**YOUR OBJECTIVE**:
Go to the line with "Shade Hollow 02" in the material below and copy from there through the line with "Eric Stewart with", exactly. Pictures are not copied.

**DATA**:
+===+
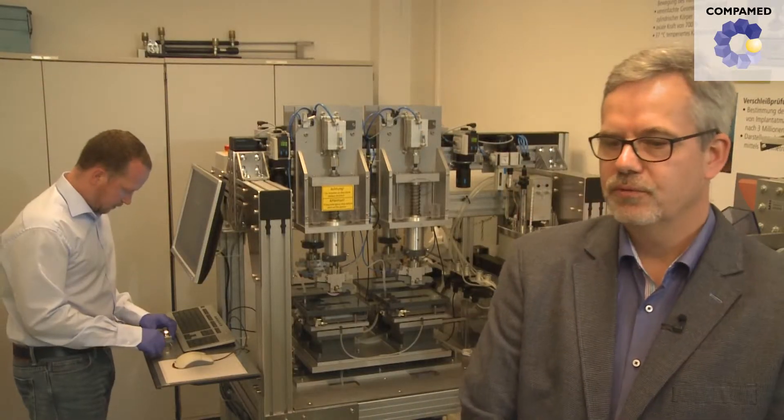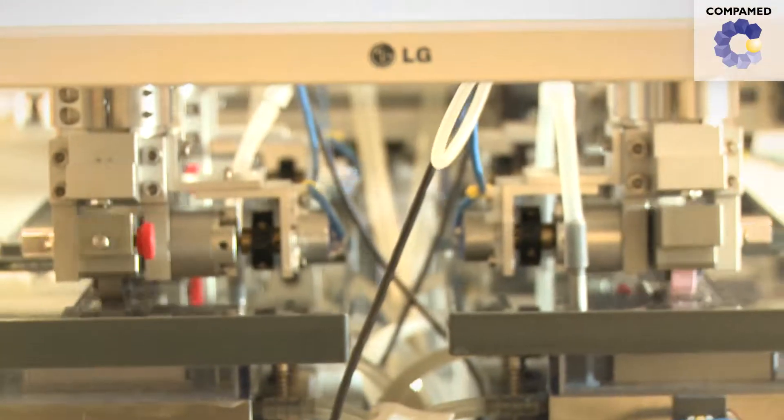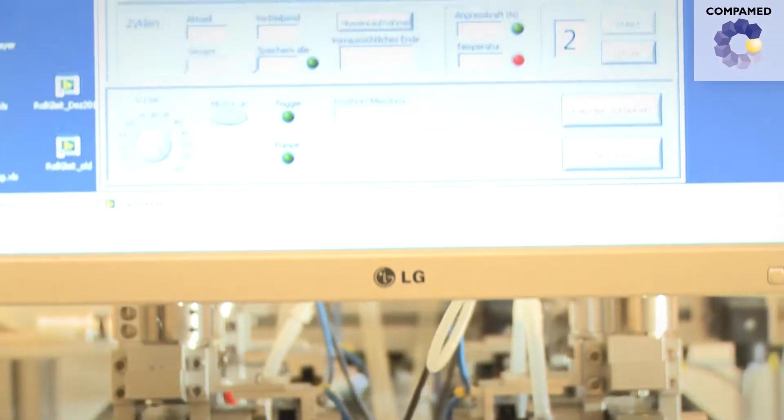In our test facility, we examine simplified geometries under motion and strain similar to what happens in the knee, to make sure that the wear and tear that would take place in the knee joint would also be as low as we envision.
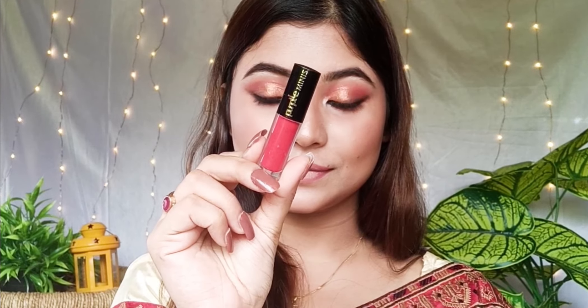Shade Hollow 02 is a reddish shade for the lips. Then I use Purple Mini, which is a liquid lipstick. It looks red and is very beautiful on Indian skin tones. It has a matte color finish.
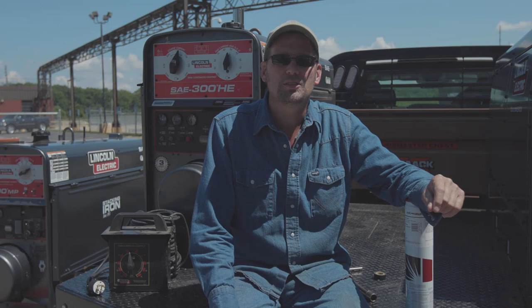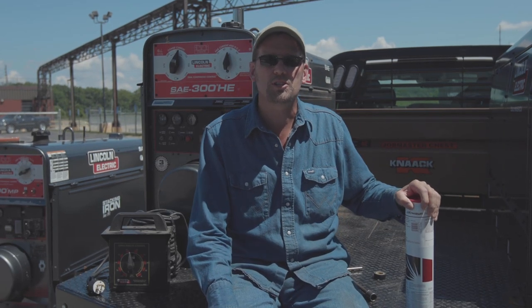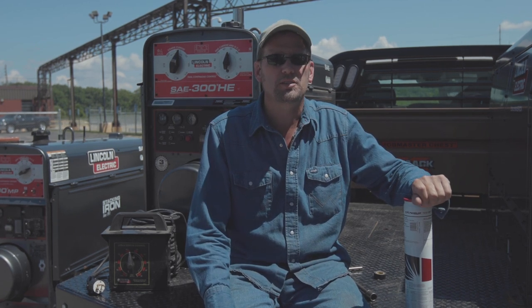Eric Stewart with Lincoln Electric, and today we're going to go over our latest Excalibur electrode. This here is our 7018 XMR. This product is classified to 7018 H4R.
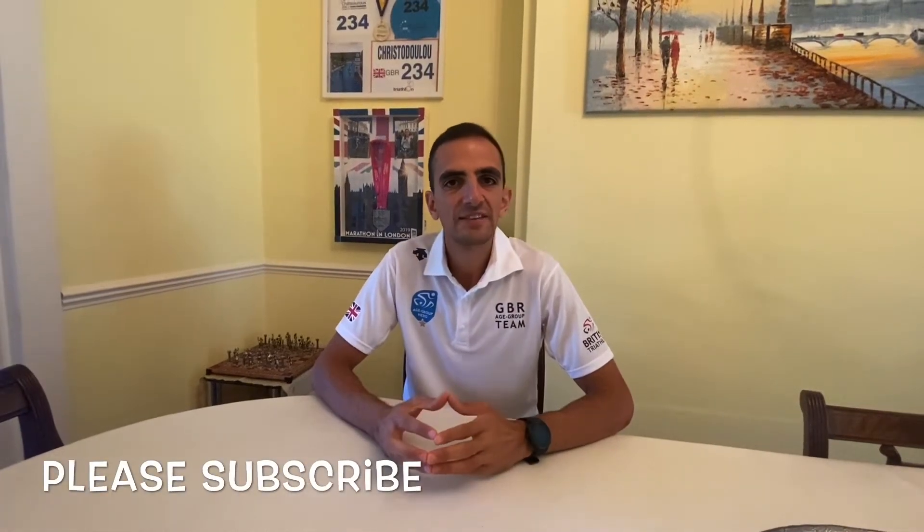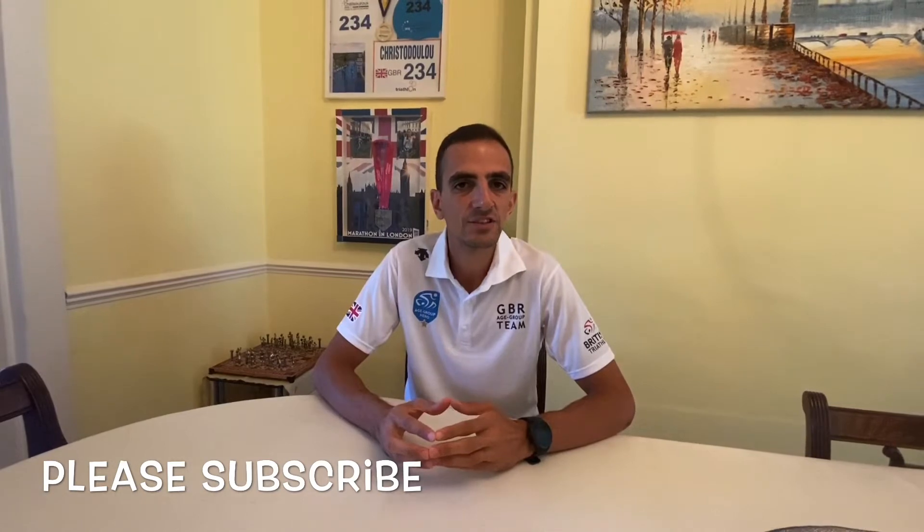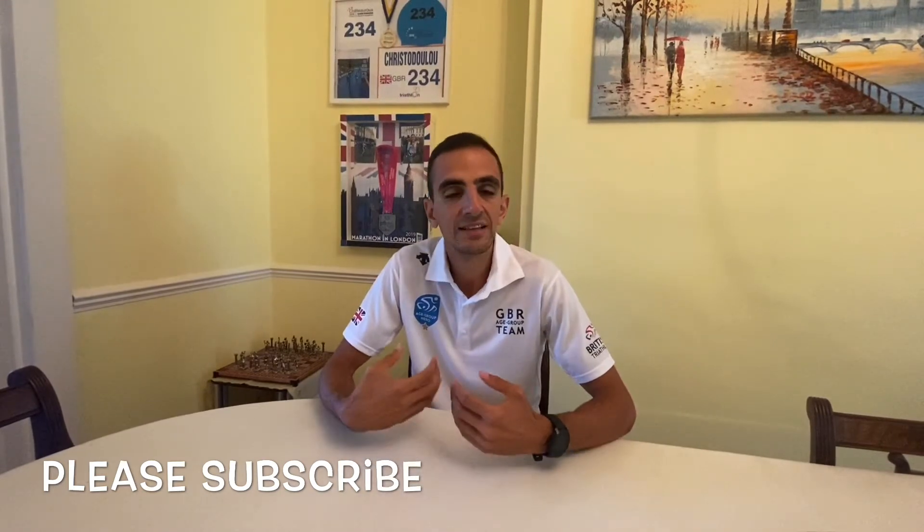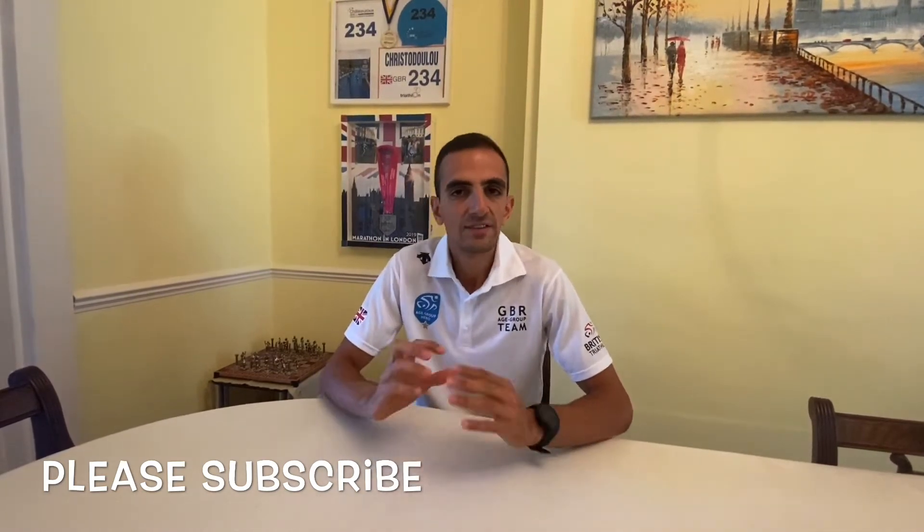Hi guys, welcome back to the channel. Yaz Kristian here, 2019 European and National Aquathlon Champion in my age group. If you're new to the channel, please like and subscribe. Today I will be discussing my go-to sessions which would help you with your PBs in running.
+===+
**ANSWER**:
Shade Hollow 02 is a reddish shade for the lips. Then I use Purple Mini, which is a liquid lipstick. It looks red and is very beautiful on Indian skin tones. It has a matte color finish.
Eric Stewart with Lincoln Electric, and today we're going to go over our latest Excalibur electrode. This here is our 7018 XMR. This product is classified to 7018 H4R.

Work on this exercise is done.